Compte tenu du départ du pétrole russe d'Europe, sachant qu'un embargo est prévu à partir du 5 décembre, les États-Unis ont également l'intention de vendre à l'UE son pétrole. Washington compte acheminer en UE plus de 1 million de barils pour remplacer le pétrole russe, a déclaré le directeur de l'opérateur pétrolier Vitol, Russell Hardy.
Alors que le remplacement du pétrole lourd russe par le pétrole léger américain représente un grand problème pour les raffineries européennes. Le passage au combustible américain pourrait nécessiter d'immenses investissements pour moderniser les raffineries. C'est un luxe que peu peuvent se permettre. Ce qui signifie qu'une partie des raffineries européennes fermera et les Européens devront augmenter significativement les importations de carburant, notamment d'essence.
Ce qui représente un avantage majeur pour les États-Unis. Les hydrocarbures chers créent un risque de début de désindustrialisation de l'économie européenne. Plusieurs entreprises énergivores de l'industrie chimique, de la construction mécanique et de l'aéronautique ferment déjà ou réduisent leur production parce qu'il n'est pas rentable de travailler avec de tels prix de gaz et d'électricité. S'il fallait traverser de telles épreuves plus d'un hiver de suite, les entreprises européennes commenceraient à délocaliser vers des pays où l'électricité est bon marché.
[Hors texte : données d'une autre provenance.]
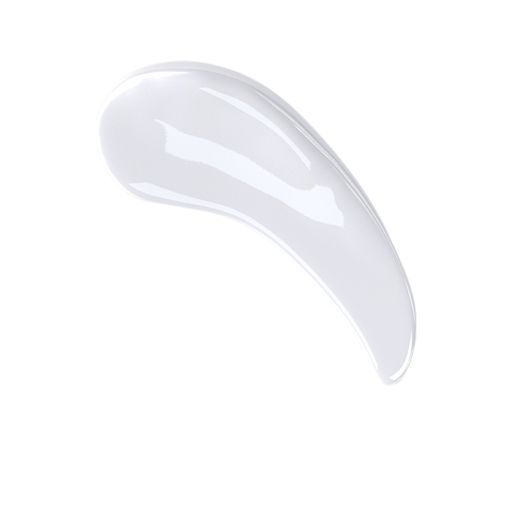 Charlotte Tilbury Unisex Healthy Glow All-year Summer Tint Hydrating Moisturizer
Outre l'Amérique, il reste également des options telles que la Chine et la Turquie. En ce sens, cette dernière a des chances de renforcer son industrie et son économie ainsi que ses positions stratégiques dans la région.
Le dollar fort est un autre bénéfice économique pour les États-Unis. L'indice du dollar par rapport aux principales devises mondiales affiche un niveau record depuis les années 1980. L'euro, le yen et la livre britannique ont considérablement chuté par rapport au dollar sur fond d'augmentation du taux directeur par la Réserve fédérale américaine. Même la livre vaut moins que le dollar.
Hormis les bénéfices économiques, les États-Unis obtiennent également des profits stratégiques. Après sa désindustrialisation, l'UE dépendra encore plus des États-Unis. L'Europe avait entrepris ces 30 dernières années des tentatives d'être autonome, de créer une alliance énergétique et industrielle avec la Russie. Mais les États-Unis ne souhaitaient pas un tel rapprochement. C'est pourquoi ils ont tout fait pour qu'il échoue.
Washington a besoin de séparer l'Europe et la Russie afin de les rendre toutes les deux faibles et dépendantes des États-Unis pour une tâche fondamentale. Les États-Unis se préparent à une guerre contre la Chine d'ici 10-20 ans pour la domination mondiale, estiment les experts.